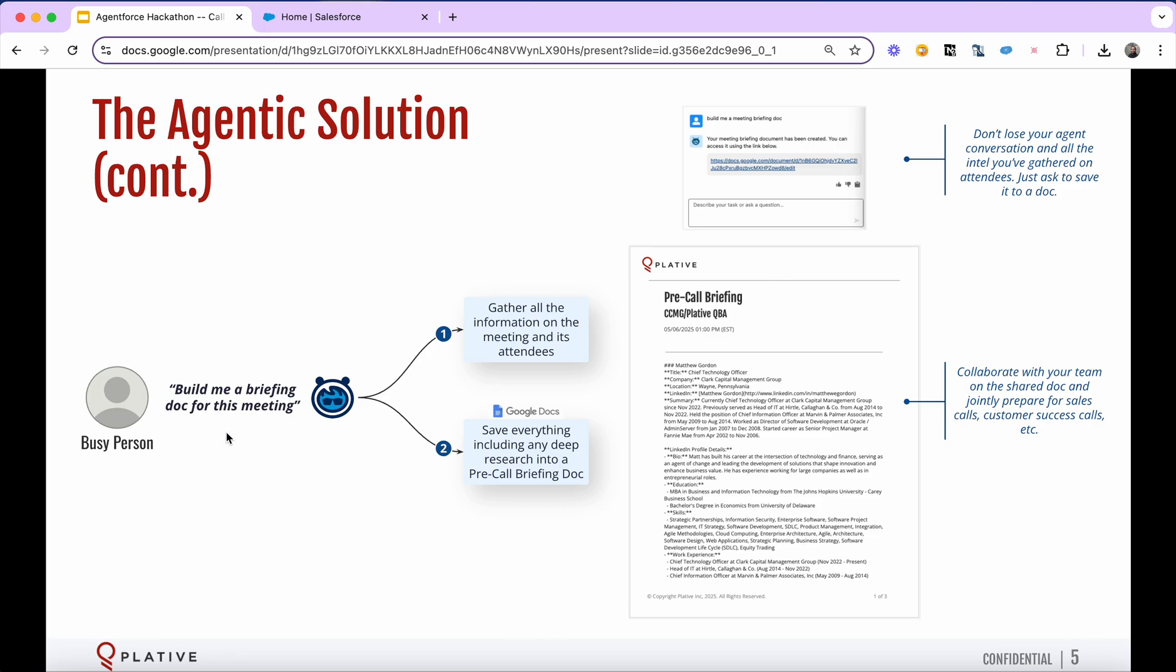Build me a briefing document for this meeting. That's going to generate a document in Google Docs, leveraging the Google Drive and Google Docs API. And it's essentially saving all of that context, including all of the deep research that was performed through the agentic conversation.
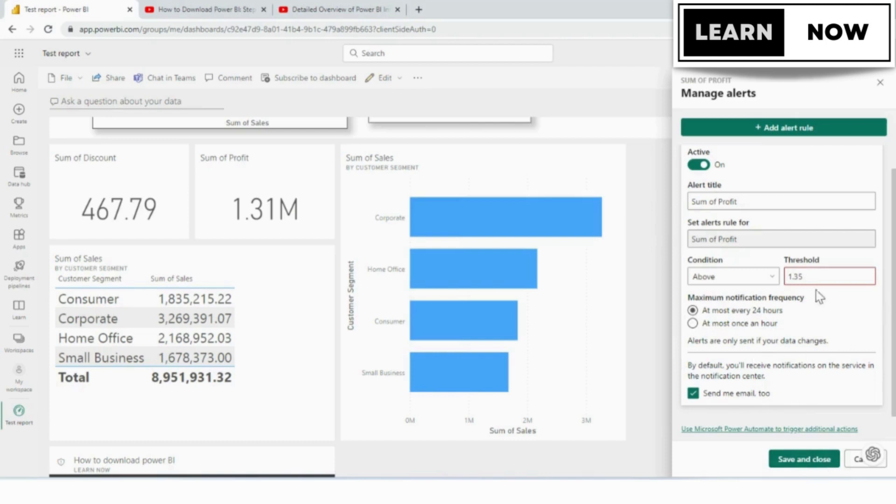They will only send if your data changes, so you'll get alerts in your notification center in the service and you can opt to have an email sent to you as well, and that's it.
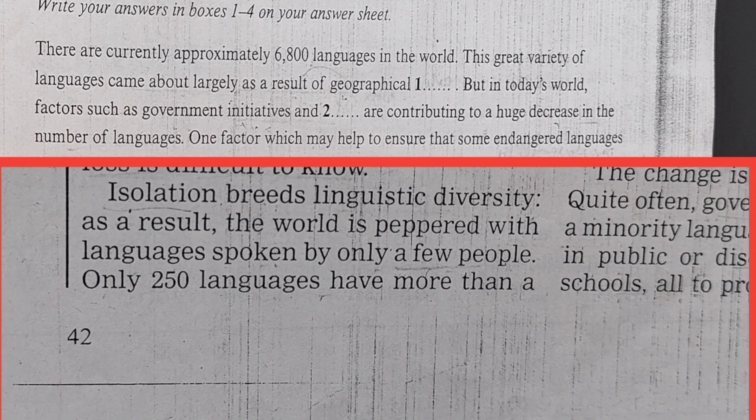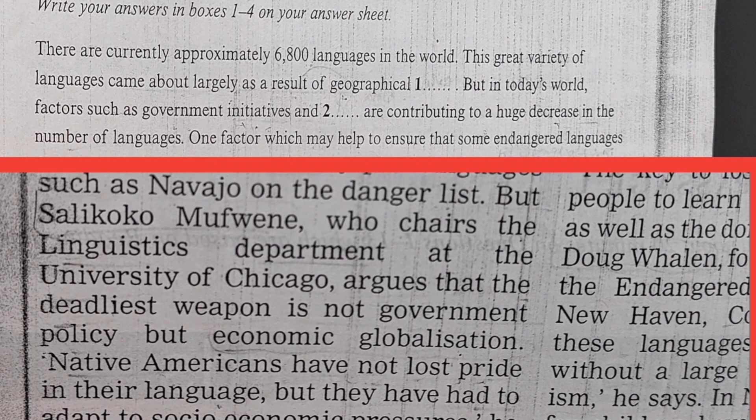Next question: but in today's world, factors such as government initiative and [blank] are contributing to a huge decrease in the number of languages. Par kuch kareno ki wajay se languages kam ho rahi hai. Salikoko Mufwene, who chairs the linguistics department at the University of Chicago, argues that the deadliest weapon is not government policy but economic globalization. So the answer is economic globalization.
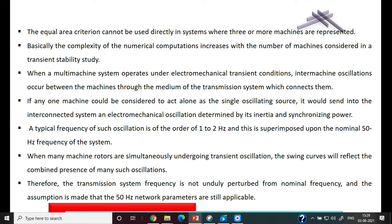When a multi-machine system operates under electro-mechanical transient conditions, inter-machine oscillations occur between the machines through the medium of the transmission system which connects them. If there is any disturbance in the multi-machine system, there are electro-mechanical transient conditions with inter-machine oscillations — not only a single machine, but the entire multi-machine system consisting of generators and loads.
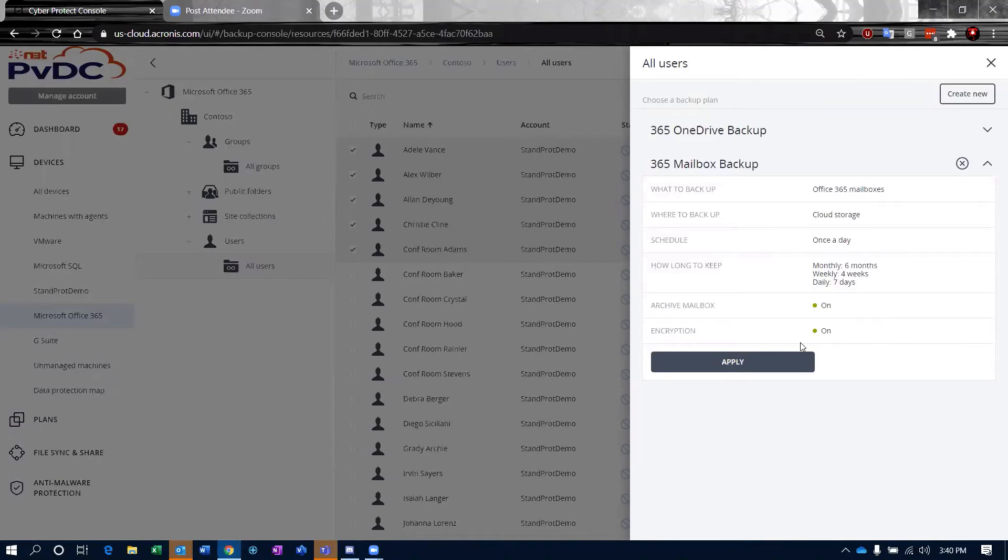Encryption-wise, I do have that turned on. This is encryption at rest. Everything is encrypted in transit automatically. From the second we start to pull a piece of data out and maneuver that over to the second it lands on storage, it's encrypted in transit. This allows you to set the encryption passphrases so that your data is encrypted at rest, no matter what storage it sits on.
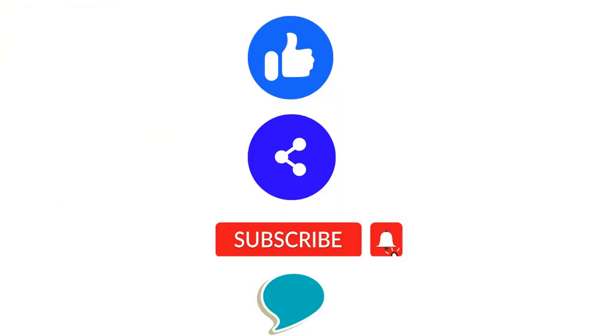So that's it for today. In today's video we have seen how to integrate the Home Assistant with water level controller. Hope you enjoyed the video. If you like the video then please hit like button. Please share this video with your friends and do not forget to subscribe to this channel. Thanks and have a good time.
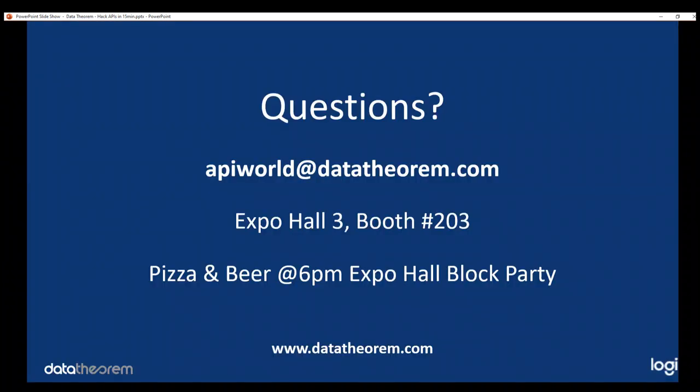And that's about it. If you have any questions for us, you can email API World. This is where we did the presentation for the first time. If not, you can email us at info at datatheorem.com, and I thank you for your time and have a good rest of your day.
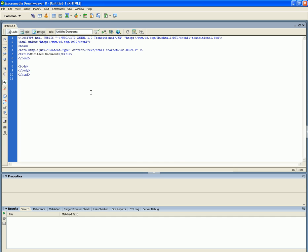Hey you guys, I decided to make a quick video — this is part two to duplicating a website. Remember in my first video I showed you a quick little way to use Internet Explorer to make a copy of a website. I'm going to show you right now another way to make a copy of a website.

> **Exercise instructions**
Return exactly the lines of the material above, starting at the line containing "They will only" and finishing at the line containing "Next question: but", without any pictures.

> **Reply to the task**
They will only send if your data changes, so you'll get alerts in your notification center in the service and you can opt to have an email sent to you as well, and that's it.
Next question: but in today's world, factors such as government initiative and [blank] are contributing to a huge decrease in the number of languages. Par kuch kareno ki wajay se languages kam ho rahi hai. Salikoko Mufwene, who chairs the linguistics department at the University of Chicago, argues that the deadliest weapon is not government policy but economic globalization. So the answer is economic globalization.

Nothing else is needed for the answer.